# Question re: cake eating



## StillRemains (Aug 9, 2012)

It's now been almost 3 weeks since husband left. We did talk when he came by to pick something up and it went really well. He even decided not to take what he had come to pick up, which I thought was a little strange but I tried not to read anything into that at the same time. Then no contact at all the next day. Today he emails and texts me again and he is wanting to know about kids' day and what they are doing. I gave him a couple short answers and then said I was making dinner and he could text me later if he wanted. That was REALLY hard for me to do because what I really wanted to do was keep talking with him because I miss him! But I feel like if I do that and he can get daily updates, he might feel more like he's not really missing out on anything. 

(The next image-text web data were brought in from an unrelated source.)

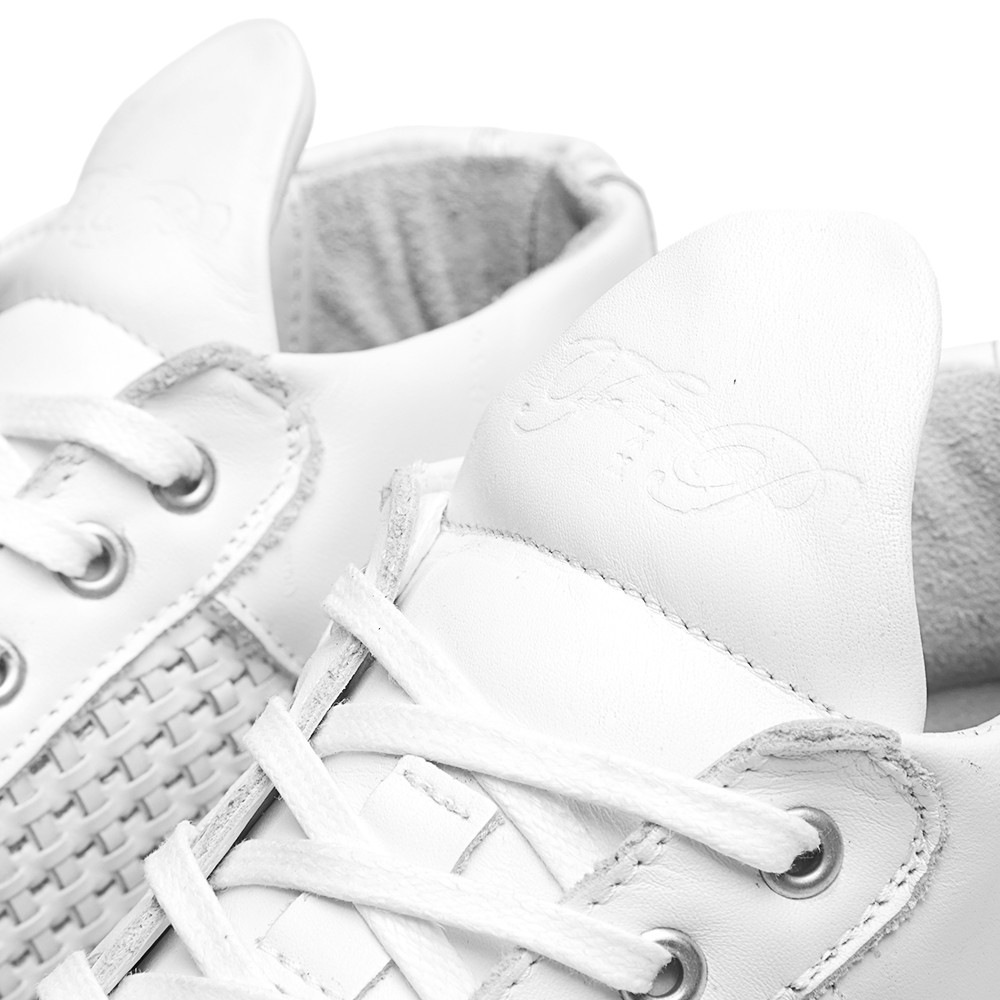 Filling Pieces Mid Sneaker White Woven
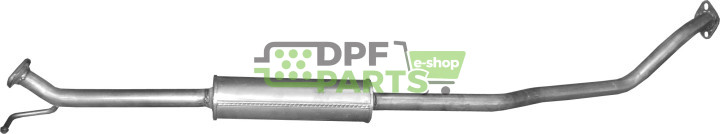 Střední tlumič výfuku Suzuki Splash / Opel Agila B, Polmo 25.16 A, OE 14250-73KA0 47 09 332 47 11 621 93194220 95507980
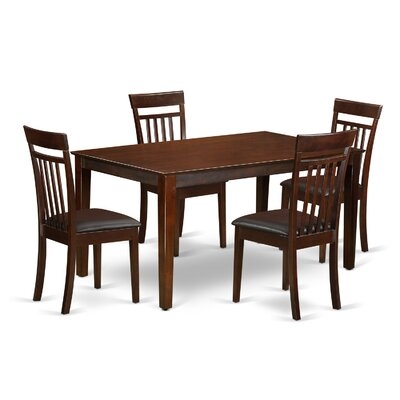 Alingtons 5 - Piece Counter Height Solid Wood Dining Set - Image 0
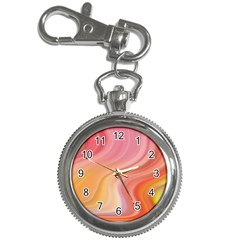 Gradient Pink Yellow Key Chain Watches by ConteMonfrey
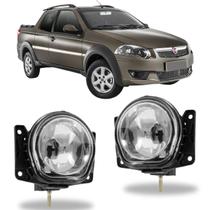 Par farol milha fiat strada treking 2004 05 06 07 08 a 2016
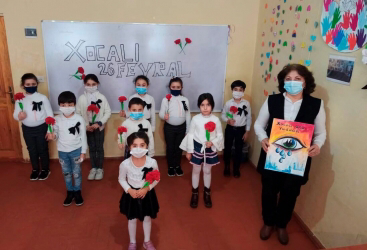 Məktəbdənkənar təhsil müəssisələrində Xocalı soyqırımına həsr olunan tədbirlər keçirilib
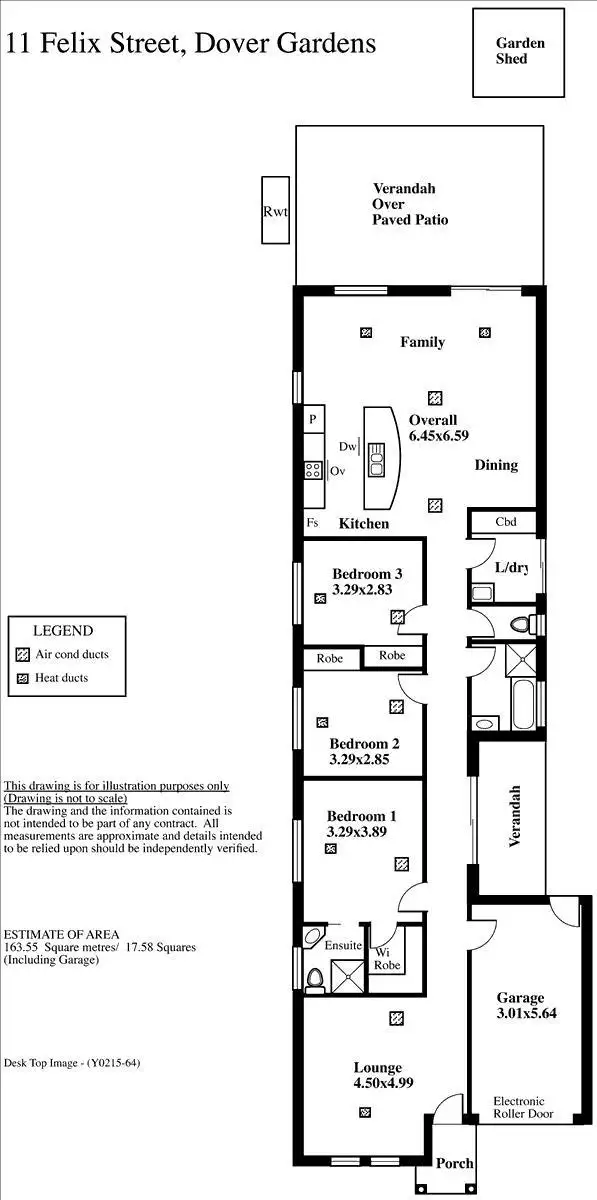 Floorplan of Homely house listing, 11 Felix Street, Dover Gardens SA 5048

Is this what I've seen referred to as cake eating? Because I feel like that's what he's doing, having his cake and eating it too! He's out living the single life and shirking his responsibilities yet wants to know what we're doing. It's hurtful to me because I don't have the luxury of running away from my responsibilities! I'm here keeping the household going and caring for our kids. My oldest had another breakdown last night and said it feels like dad died in a way only worse because at least when someone dies, they don't choose to leave you. I think if only he could see what he's doing to his kids, but then deep down, I know that won't matter because the only person he cares about right now is himself. He still swears there is no one else but I am finding it so hard to believe anything else could pull him away from his kids like this! 

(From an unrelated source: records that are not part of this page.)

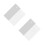 2Pcs White Disposable Massage Bed Sheets with Opening 8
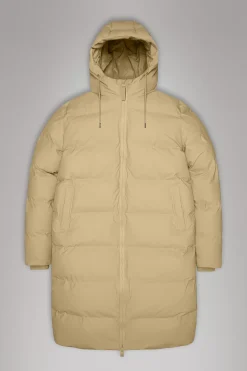 Rains Puffers|Vinterjakker<Alta Longer Puffer Jacket Sand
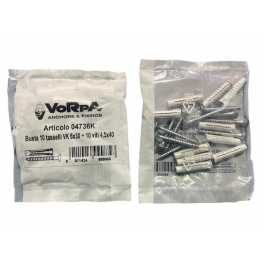 Busta con 10 pz tassello universale con vite 6 x 30 - Vorpa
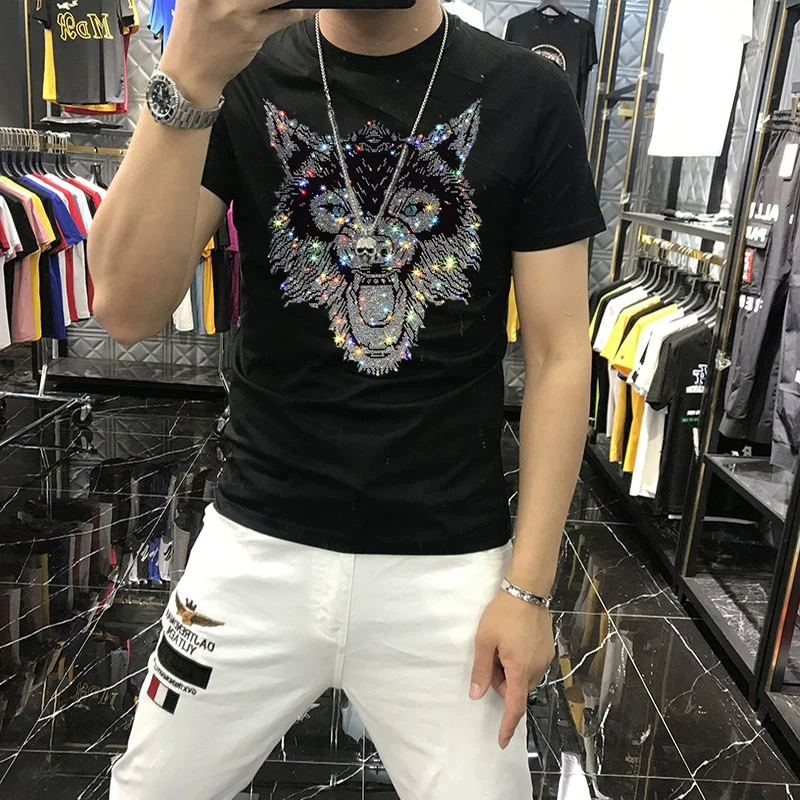 

Футболка мужская с принтом, дышащая повседневная спортивная рубашка из чистого хлопка, с круглым вырезом, популярная модель, лето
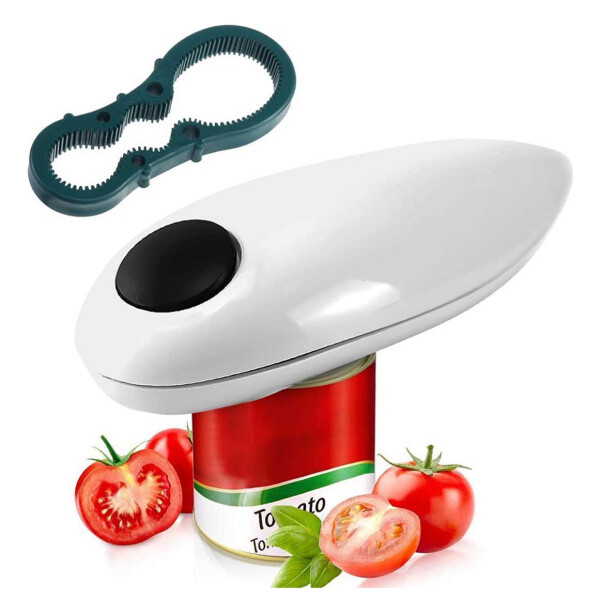 Abrelatas Eléctrico Automático Robot Mínimo Esfuerzo Pila Abrelatas Eléctrico Automático Robot Mínimo Esfuerzo Pila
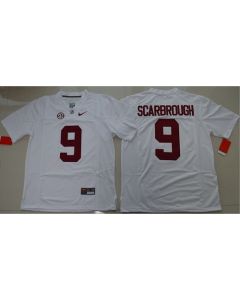Crimson Tide #9 Bo Scarbrough White Limited Stitched NCAA Jersey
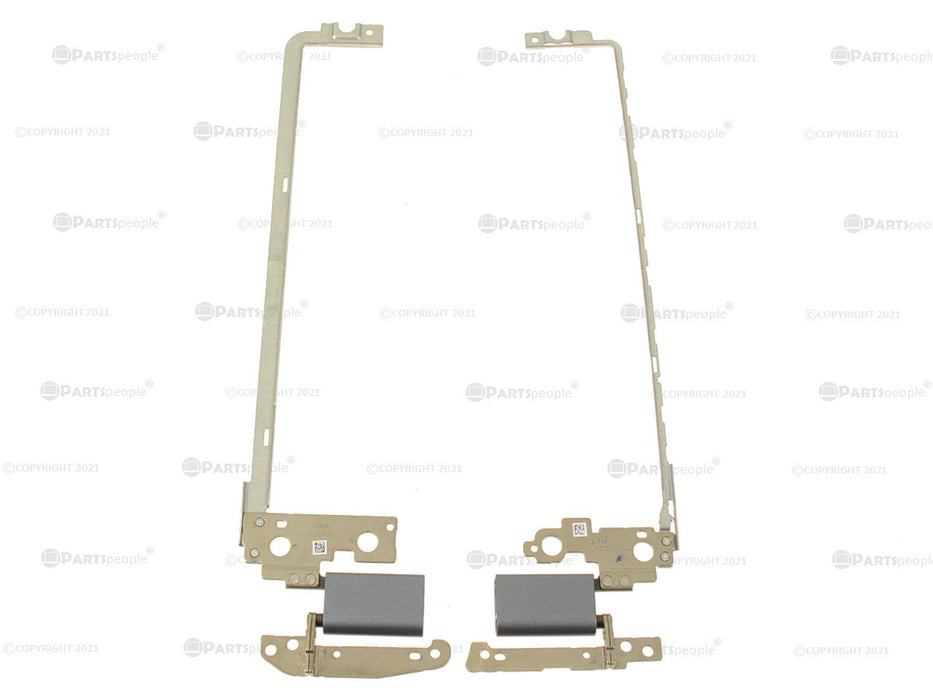 Gray - Dell OEM Inspiron 11 (3195) Hinge Kit - Left and Right - VRF52 - Y6DM4 w/ 1 Year Warranty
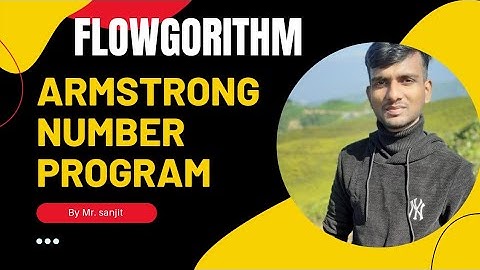 Part- 13 : Armstrong Number Program in Flowchart/ Flowgorithm Tutorial .   Full Concept .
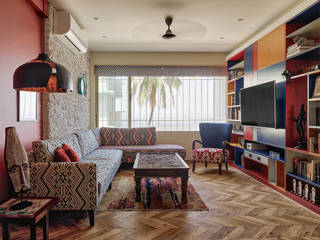 Mahim Residence, Bombay , Inscape Designers Inscape Designers Eclectic style living room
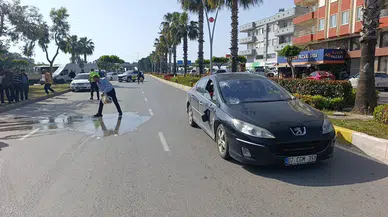 Manavgat’ta otomobilin çarptığı yaya ağır yaralandı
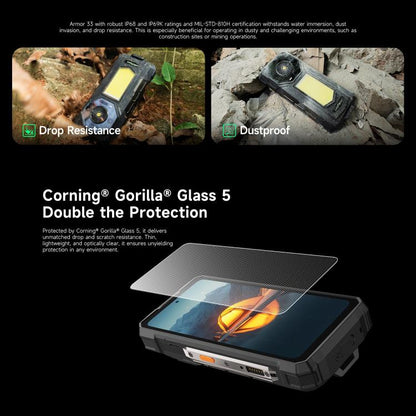 Ulefone Armor 33 Rugged Phone 12GB+512GB 6.95 Inch 4G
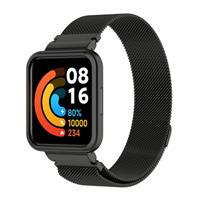 Strap-it Redmi Watch 2 Lite Milanese band (zwart)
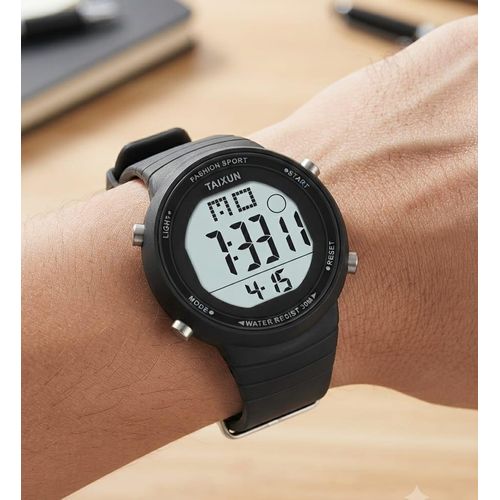 Montre de Sport Mixte - Chrono Tendance & Résistante à l'Eau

Did I do the right thing to say that? I feel like we did make progress with our talk so part of me feels bad for brushing him off because what if he was pulling in and I pushed him further away. But then part of me feels like he is never coming back anyway and it's best for me to detach as much as possible. OMG, I hate this so much!!


----------



## Frostflower (Jul 22, 2012)

StillRemains said:


> It's now been almost 3 weeks since husband left. We did talk when he came by to pick something up and it went really well. He even decided not to take what he had come to pick up, which I thought was a little strange but I tried not to read anything into that at the same time. Then no contact at all the next day. Today he emails and texts me again and he is wanting to know about kids' day and what they are doing. I gave him a couple short answers and then said I was making dinner and he could text me later if he wanted. That was REALLY hard for me to do because what I really wanted to do was keep talking with him because I miss him! But I feel like if I do that and he can get daily updates, he might feel more like he's not really missing out on anything.
> 
> Is this what I've seen referred to as cake eating? Because I feel like that's what he's doing, having his cake and eating it too! He's out living the single life and shirking his responsibilities yet wants to know what we're doing. It's hurtful to me because I don't have the luxury of running away from my responsibilities! I'm here keeping the household going and caring for our kids. My oldest had another breakdown last night and said it feels like dad died in a way only worse because at least when someone dies, they don't choose to leave you. I think if only he could see what he's doing to his kids, but then deep down, I know that won't matter because the only person he cares about right now is himself. He still swears there is no one else but I am finding it so hard to believe anything else could pull him away from his kids like this!
> 
> Did I do the right thing to say that? I feel like we did make progress with our talk so part of me feels bad for brushing him off because what if he was pulling in and I pushed him further away. But then part of me feels like he is never coming back anyway and it's best for me to detach as much as possible. OMG, I hate this so much!!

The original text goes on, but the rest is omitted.